Jeter went on to have a stand out rookie season in 1996, finishing with .314 batting average, 10 home runs, 104 runs scored, and 78 RBI. But he wasn't done. He batted .361 in the 1996 postseason and helped lead the Yankees to their first World Championship since 1978.

Now, I won't go year by year and recall every detail of Derek Jeter's career because, well, that would take me all day and most blog readers don't have that attention span. I know I don't. So we'll just revisit the highlights.

His biggest individual accomplishment, so far, is to reach - and surpass - the 3,000 hit plateau.

Derek Jeter is the only Yankee player to ever reach 3,000. Think about that for a second. This is the team of Babe Ruth, Joe DiMaggio, Lou Gehrig Yogi Berra, and Mickey Mantle. In fact, Jeter became the Yankees all time hit leader, passing Gehrig's mark of 2,721 hits on September 11, 2009. The hit that broke the Yankees record was a single. His 3,000th hit was something better.

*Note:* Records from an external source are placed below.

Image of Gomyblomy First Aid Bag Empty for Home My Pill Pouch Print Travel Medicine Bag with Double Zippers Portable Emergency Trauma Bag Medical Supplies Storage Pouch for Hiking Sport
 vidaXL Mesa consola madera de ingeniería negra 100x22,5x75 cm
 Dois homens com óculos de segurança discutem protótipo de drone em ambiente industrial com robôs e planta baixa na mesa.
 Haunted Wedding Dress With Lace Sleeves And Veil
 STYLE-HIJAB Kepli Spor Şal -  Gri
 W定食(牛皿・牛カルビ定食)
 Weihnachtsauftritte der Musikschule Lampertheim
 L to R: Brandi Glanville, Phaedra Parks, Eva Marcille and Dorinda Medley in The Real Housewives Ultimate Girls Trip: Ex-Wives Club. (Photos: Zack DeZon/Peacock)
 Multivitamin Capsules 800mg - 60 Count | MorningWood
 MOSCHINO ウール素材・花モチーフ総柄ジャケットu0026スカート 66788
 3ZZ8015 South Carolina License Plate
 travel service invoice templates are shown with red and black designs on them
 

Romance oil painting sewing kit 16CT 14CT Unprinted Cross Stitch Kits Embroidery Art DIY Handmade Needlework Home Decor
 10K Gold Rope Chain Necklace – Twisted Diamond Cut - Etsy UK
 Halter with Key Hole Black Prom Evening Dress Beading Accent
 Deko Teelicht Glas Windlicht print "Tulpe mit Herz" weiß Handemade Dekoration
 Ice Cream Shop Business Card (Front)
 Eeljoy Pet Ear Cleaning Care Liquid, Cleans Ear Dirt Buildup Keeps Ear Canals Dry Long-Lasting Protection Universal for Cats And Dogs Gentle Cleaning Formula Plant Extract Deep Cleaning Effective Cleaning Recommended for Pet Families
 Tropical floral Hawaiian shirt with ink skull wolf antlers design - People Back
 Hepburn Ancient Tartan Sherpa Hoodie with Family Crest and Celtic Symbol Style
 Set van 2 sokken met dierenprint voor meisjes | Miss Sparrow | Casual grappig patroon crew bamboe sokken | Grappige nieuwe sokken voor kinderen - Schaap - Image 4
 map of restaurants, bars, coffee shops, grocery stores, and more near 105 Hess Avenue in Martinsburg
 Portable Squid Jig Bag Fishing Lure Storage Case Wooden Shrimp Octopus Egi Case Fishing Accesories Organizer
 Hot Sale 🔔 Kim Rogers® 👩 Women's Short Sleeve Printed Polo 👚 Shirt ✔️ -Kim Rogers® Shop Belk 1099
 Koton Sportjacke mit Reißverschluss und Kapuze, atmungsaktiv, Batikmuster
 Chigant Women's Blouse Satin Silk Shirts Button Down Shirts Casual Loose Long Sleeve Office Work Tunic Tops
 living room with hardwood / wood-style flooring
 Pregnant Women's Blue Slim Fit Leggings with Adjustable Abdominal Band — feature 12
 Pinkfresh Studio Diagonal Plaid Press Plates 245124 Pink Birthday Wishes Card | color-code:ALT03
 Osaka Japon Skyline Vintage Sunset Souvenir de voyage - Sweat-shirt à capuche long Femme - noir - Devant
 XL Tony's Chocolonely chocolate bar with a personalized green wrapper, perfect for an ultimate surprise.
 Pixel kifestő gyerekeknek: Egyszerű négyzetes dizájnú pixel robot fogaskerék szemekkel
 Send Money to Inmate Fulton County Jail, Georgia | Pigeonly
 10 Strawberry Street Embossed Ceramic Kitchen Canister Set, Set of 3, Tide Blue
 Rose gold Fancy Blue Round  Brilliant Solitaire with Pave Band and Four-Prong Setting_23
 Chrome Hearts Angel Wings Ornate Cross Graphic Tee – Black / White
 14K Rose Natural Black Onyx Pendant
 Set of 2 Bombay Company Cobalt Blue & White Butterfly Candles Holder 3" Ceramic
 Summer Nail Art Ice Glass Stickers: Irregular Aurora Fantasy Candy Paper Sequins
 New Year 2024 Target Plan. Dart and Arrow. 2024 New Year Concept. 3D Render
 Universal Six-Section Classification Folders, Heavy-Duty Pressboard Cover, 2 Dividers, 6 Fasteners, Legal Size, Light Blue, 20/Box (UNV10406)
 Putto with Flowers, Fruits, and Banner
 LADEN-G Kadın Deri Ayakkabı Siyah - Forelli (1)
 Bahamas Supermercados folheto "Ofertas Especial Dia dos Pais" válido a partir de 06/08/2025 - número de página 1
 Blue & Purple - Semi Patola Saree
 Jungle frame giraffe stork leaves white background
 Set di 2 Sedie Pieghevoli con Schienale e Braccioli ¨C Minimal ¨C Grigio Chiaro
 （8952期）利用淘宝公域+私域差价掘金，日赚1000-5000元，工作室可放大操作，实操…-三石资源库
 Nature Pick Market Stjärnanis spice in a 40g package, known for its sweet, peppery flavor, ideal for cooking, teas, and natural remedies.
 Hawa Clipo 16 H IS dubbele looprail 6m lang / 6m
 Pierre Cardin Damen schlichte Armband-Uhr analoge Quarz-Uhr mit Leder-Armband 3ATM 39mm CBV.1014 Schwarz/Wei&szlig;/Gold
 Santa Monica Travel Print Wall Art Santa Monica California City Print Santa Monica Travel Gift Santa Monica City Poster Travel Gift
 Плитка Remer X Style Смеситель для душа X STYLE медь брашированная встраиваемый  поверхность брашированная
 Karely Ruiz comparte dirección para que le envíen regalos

On July 9, 2011, the Yankees played their AL East rival Tampa Bay Rays. It was a sunny, warm Saturday afternoon which was nice to see considering the game the night before was rained out.

This was to be the Yankees last home series before the All-Star Break and would be Jeter's last chance to get hit #3000 in front of the home crowd. They would not be disappointed.

In his second at bat of the day, Jeter deposited a 3-2 offering from Tampa's David Price into the left field bleachers for the milestone hit. He became only the second player in history to hit a home run for his 3000th hit- his former teammate Wade Boggs is the other one.

Jeter also became the second player to finish the game in which he hit his 3000th hit perfect at the plate. Jeter was 5-5 and he wound up getting what ended up being the game winning hit in the bottom of the eighth inning.

As they people always seem to say, "You couldn't have scripted it any better."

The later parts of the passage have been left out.